They differ in that they are transistors.

Therefore, when the level of the input signal IN61 changes to "H", the output control circuit 91 shown in FIG.
Signals a61 to a63 of opposite levels to the signals a51 to a53 in FIG.
Is output to the corresponding transistor.

[0077]

As is clear from the above, the semiconductor memory device according to the first aspect of the present invention, when the level of one input signal is "H" under the control of the control circuit,
The first switching means is turned on to accumulate charges in the first capacitance, and the charges are transferred to the first transistor by turning on the first transistor.
Since the power supply voltage of the power supply is supplied to the output terminal before being applied to the output terminal, the first transistor is turned on and data is output from the output terminal later.
Power consumption can be reduced.

Further, under the control of the above control circuit,
When the level of the other input signal is "H", the second
The switching means and the sixth transistor are sequentially turned on, and the electric charge of the output terminal is extracted from the output terminal before applying the power supply voltage of the second power source to the output terminal by turning on the second transistor. The current consumption of the second power supply can be reduced when the second transistor is turned on and data is output from the output terminal.

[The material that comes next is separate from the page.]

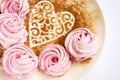 Pink fruit marshmallow for Valentine Day as background.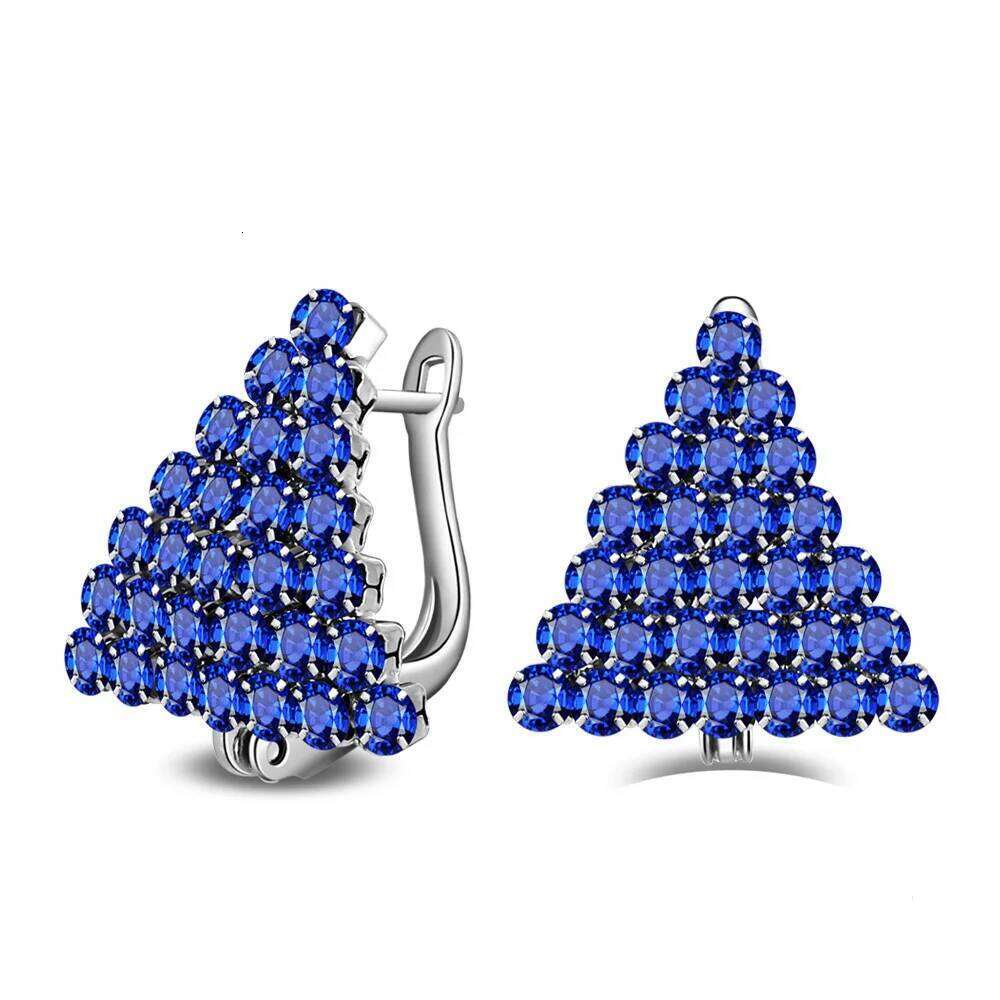 Authentic Silver Color Majestic Blue Zircon Crystal Christmas Tree Stud Earrings With White Clear CZ Jewelry Gift Ed31 4cf6b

Therefore, according to the present invention, power supply noise at the time of outputting data can be reduced.

Further, in the semiconductor memory device according to the second aspect of the present invention, the first transistor, the second transistor, the fifth transistor and the sixth transistor are N-channel type transistors.
An output circuit that reduces current consumption from the power supply or the second power supply can be realized by an N-channel transistor.

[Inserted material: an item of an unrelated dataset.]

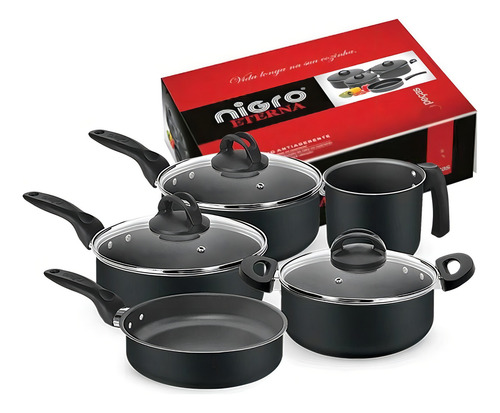 Jogo De Panelas Nigro Eterna 5pçs Antiaderente Preto 025927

In the semiconductor memory device according to the third aspect of the present invention, the first transistor and the fifth transistor are P-channel type transistors, and the second transistor and the sixth transistor are N-channel type transistors. In the output circuit for reducing the current consumption from the first power source or the second power source at the time of outputting the data, the transistor for the data output of the level "H" is realized by the P-channel type transistor, while the data output of the level "L" is output. Can be realized by an N-channel type transistor.

Since the first power supply and the third power supply in the semiconductor memory device according to the present invention have the same potential and are connected to each other with a high resistance,
When noise is superimposed on one of the third power supplies, it can be prevented from propagating to the other power supply. Therefore, it is possible to further reduce the power supply noise.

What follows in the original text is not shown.